Restate every line of the material below word for word, skipping the images.
*** Opening of Given data ***
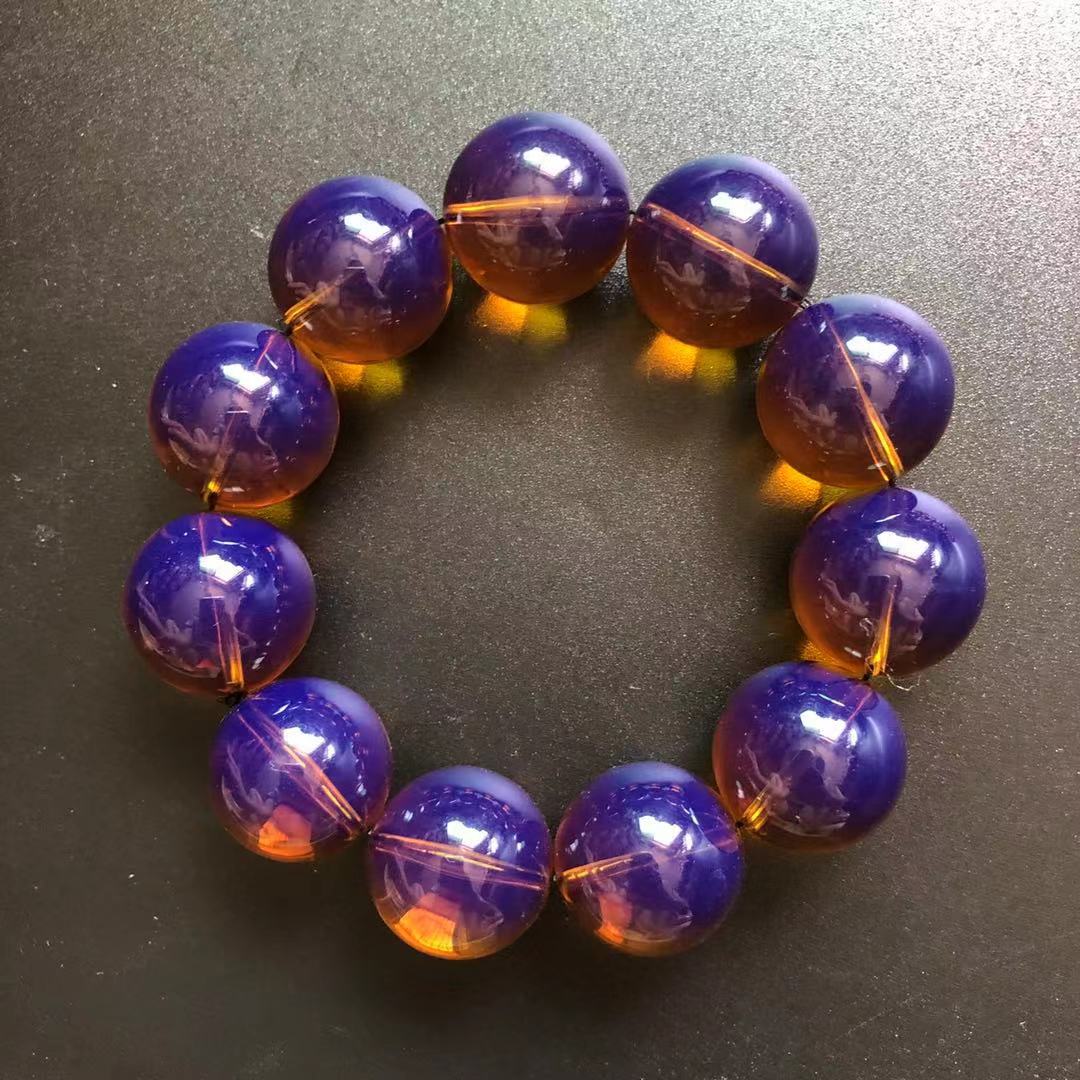 琥珀蜜蠟金棕珀紫羅蘭單圈圓珠手串浮鹽水有熒光遇自然光黑底變色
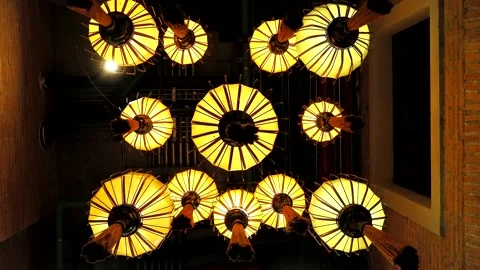 Low-angle under group of ancient Chinese lanterns with warm light hanging i.. Stock Footage 345035332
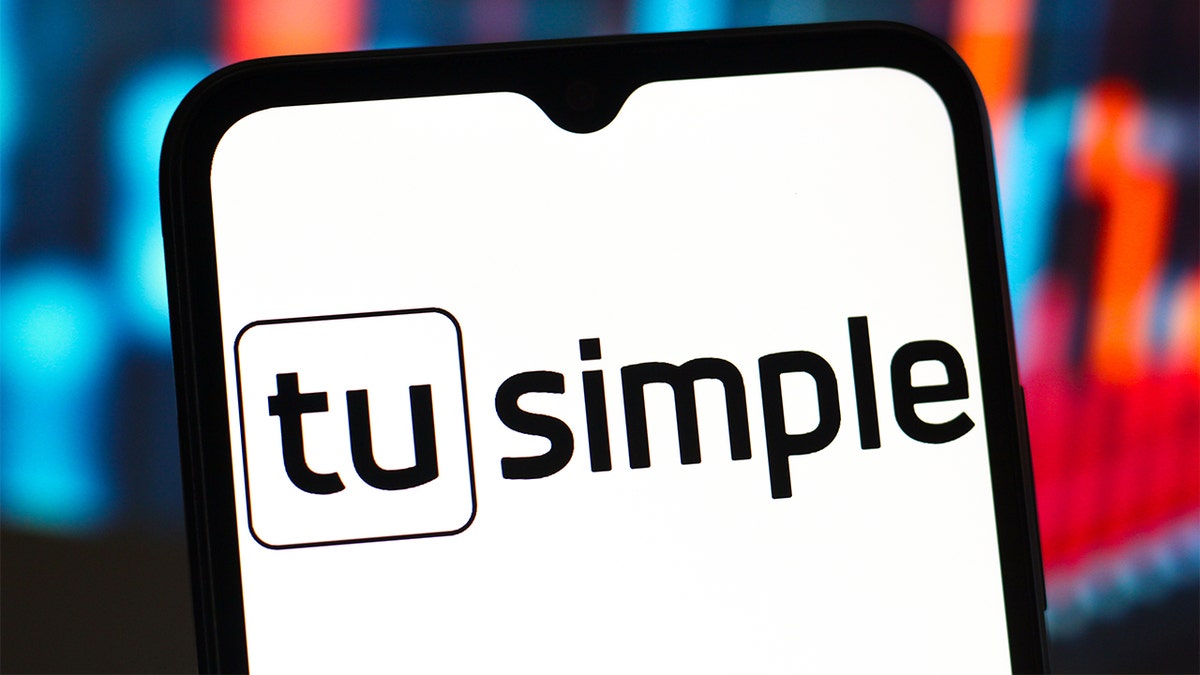 TuSimple logo on a smartphone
*** Close of Given data ***
### Result of this exercise
 琥珀蜜蠟金棕珀紫羅蘭單圈圓珠手串浮鹽水有熒光遇自然光黑底變色
 Low-angle under group of ancient Chinese lanterns with warm light hanging i.. Stock Footage 345035332
 TuSimple logo on a smartphone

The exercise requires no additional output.